A couple of cases dealing with Booker remand from the S.Ct. In U.S. v. Jardine, 2005 WL 1120323 (5/12/05), the 10th remanded a case involving a preserved constitutional violation. In U.S. v. Gutierrez-Aguiniga, 2005 WL 1125705 (5/13/05)(unpub'd), the 10th considered whether a Sixth Amendment violation was plain error that warranted reversal. Although the 10th found against the defendant, it's significant that the 10th did not simply say it's too late to raise the Booker issue if it had not been raised in the initial appeal, as the 11th Circuit has done.

Simkins v. Bruce, 2005 WL 1077718 (5/9/05) - It was a clear violation of a plaintiff's constitutional right of access to the courts when jail personnel held onto mail from the court rather than forwarding it to the plaintiff's new "residence." The plaintiff had standing to complain because the court dismissed the plaintiff's lawsuit due to him missing a deadline to respond to the order contained in the held-up mail.

U.S. v. Wheeler, 2005 WL 827168 (4/11/05)(unpub'd) - The 10th, having repeatedly reversed the d.ct.'s upward departures, ordered that the defendant be sentenced to the guideline sentence of 7 years for being a felon brandishing a firearm, rather than remanding for the d.ct. to try a new justification for its upward departure.

Wednesday, May 11, 2005

Tenth Circuit Update

Denver Justice and Peace Committee, Inc. v. City of Golden, 2005 WL 950648 (4/26/05) - The 10th makes an important distinction between detention and a pat-down search. Although officers may have had the authority to detain any person on the premises of a place being searched pursuant to a search warrant, see Michigan v. Summers, they clearly did not have authority to frisk that person unless they had a reasonable suspicion he was dangerous. Troublingly, in this case, the police were searching the peace group's offices for items such as pamphlets because the group had helped organize a protest during which some people committed vandalism. Did we misplace somewhere the First Amendment as well as the Fourth Amendment?

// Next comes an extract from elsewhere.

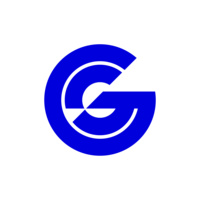 Genius Sports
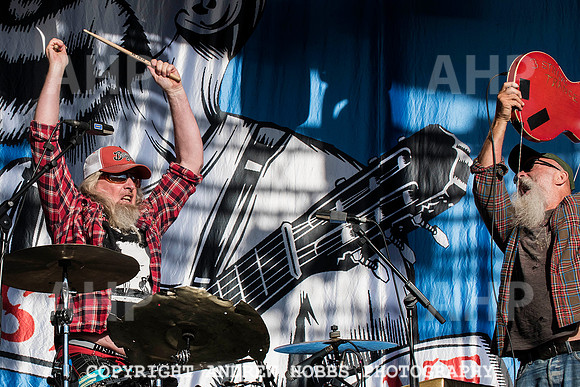 HOB_6706 copy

U.S. v. Green, 2005 WL 1060608 (5/6/05) - A further explanation after Porter (previously reported) of the extent an appeal waiver can reach to deprive a defendant of the opportunity to raise Booker issues. The defendant's agreement to waive all appellate rights except as to issues the defendant raised before the d.ct. waived the defendant's Booker arguments. The waiver was knowing, even though Blakely hadn't been decided at the time of the plea (the defendant accepts the risk of favorable case law after the plea). The waiver did not result in a miscarriage of justice. Although the en banc Hahn case held that a sentence above the statutory maximum constituted a miscarriage of justice exception to an appeal waiver, the Hahn court referred to the real statutory maximum, not the lower maximum referred to by Blakely and Booker, determined by the jury verdict and the defendant's admissions.

And, it got worse for this poor defendant. By appealing he ended up getting an additional 10 months in prison, even though the government did not appeal. The d.ct. did not have jurisdiction to reduce the defendant's sentence by 10 months pursuant to Rule 35(a). Even though the defendant filed a Rule 35(a) motion within 7 days of the oral announcement of the sentence, the d.ct. had no authority to reduce the sentence more than 7 days after,as it tried to do.

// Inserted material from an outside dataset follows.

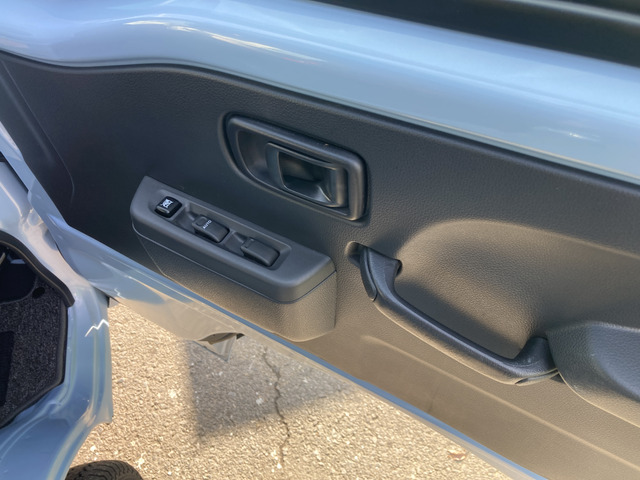 ダイハツ ハイゼットトラック_画像77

U.S. v. Cantu, 2005 WL 1060596 (5/6/05) - The officers had probable cause to obtain a search warrant to search the defendant's car based on his prior conduct connected to marijuana, an anonymous tip and his conduct on the particular night in question which was similar to his marijuana-related conduct on a prior occasion (dragging a large duffel bag from the grounds of a storage facility). More recent information "refreshed" information that might otherwise have been "stale." It was okay to detain the defendant for 2 1/2 hours while the officers tried to get a warrant . There was no evidence the officers acted less than diligently, the defendant had a lower expectation of privacy in his car, as opposed to a home, and probable cause justified a longer wait than would be justified if the officers only had reasonable suspicion.

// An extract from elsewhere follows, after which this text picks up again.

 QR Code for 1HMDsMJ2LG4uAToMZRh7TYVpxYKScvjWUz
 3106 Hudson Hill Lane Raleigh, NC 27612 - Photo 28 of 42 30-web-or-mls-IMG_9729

U.S. v. Mozee, 2005 WL 958498 (4/27/05) - There was sufficient evidence to support an enhancement for using a firearm during the commission of a felony. There was sufficient evidence that the defendant intentionally shot his girlfriend, which amounted to a violation of Wyoming's aggravated assault statute, given the defendant's conflicting statements and the position the girlfriend was in when the shot was fired. The Sixth Amendment violation in imposing the enhancement met the third prong of the plain error test because there was a reasonable probability a jury might have a reasonable doubt whether the defendant intentionally shot his girlfriend. However, the fourth prong is not satisfied because under the advisory Booker regime the court would not have given a lower sentence than it did since it imposed a sentence at the high end of the guideline range.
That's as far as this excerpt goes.